Category Archives: Parshat שופטים

Parshat שופטים

Parshat שפטים  – Deuteronomy – 17:1 – Can a Murderer Bless Others?

Deuteronomy:17:1 – You shall not sacrifice to the Lord, your God, an ox or a sheep that has in it a blemish or any bad thing, for that is an abomination to the Lord, your God.

Sifri: We learn in a beraisa that Rabbi Shimon said: One might think that just as an ox or a sheep become invalid for being used as a sacrifice if it was used for immoral sexual relations, so too a Cohen would become invalid. However, since the verse states “it is an abomination to the Lord” we see that the animal becomes invalid but not a Cohen.

Coloquial translation of Note 6:

See also the Mishna in Bechoros (7:7) where it lists reasons why an animal would become invalid yet would not apply to a Cohen.
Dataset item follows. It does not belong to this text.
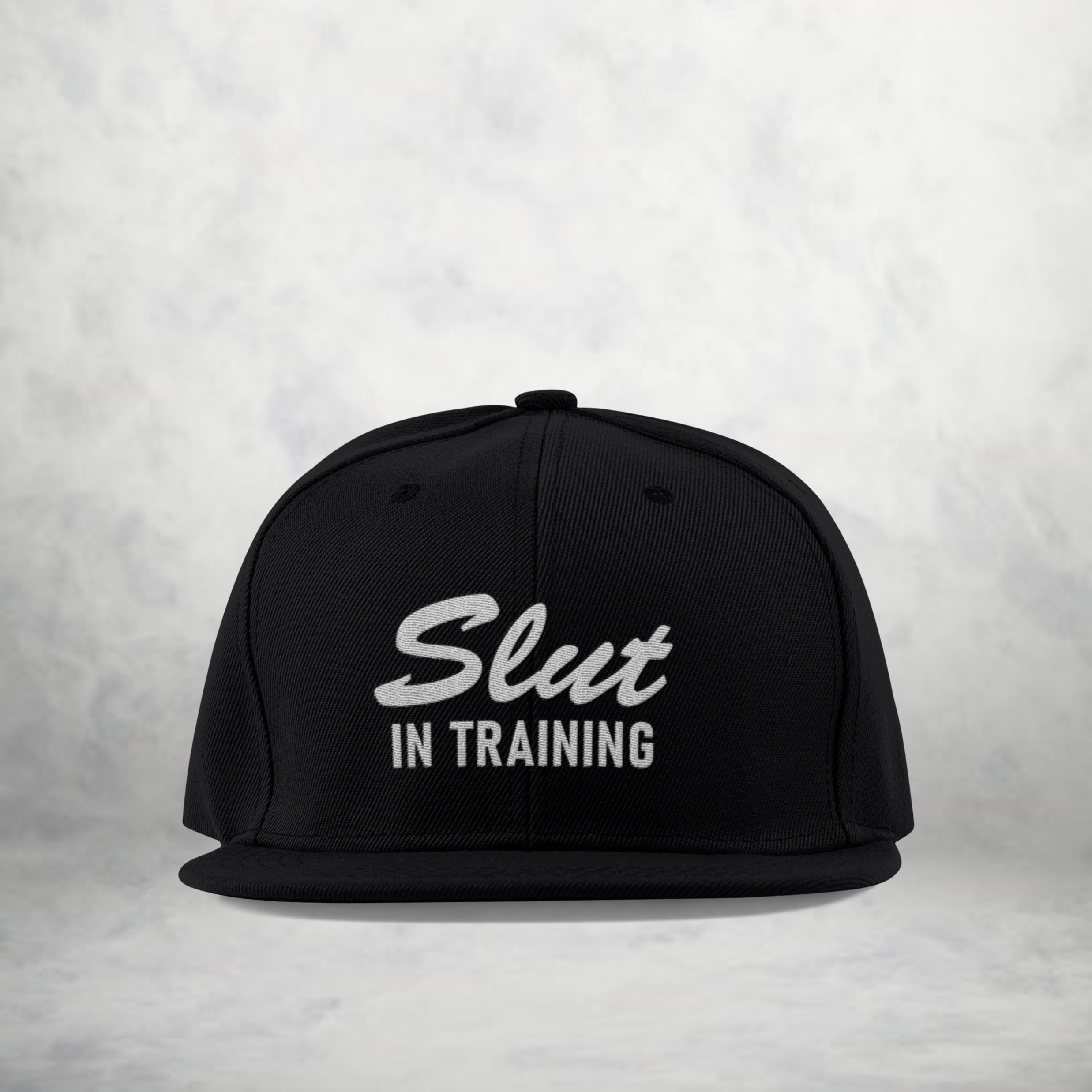 Slut in Training, Snapback Cap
In the list, it includes animals that were used for sexual immorality and also animals that killed a person. The Tosfot Yom Tov states that in some editions of the Mishna it excludes the phrase “that were used for sexual immorality and also that killed a person”. The Tosfot Yom Tov states this because of what it says in the Gemora Bechoros (32a) that Rabbi Yochanan states that a Cohen who has killed someone is forbidden to participate in the communal blessing ceremony. A logical deduction would be that he is also forbidden from participating in the service in the temple when it was standing. This is also true of a Cohen who committed sexually immoral acts.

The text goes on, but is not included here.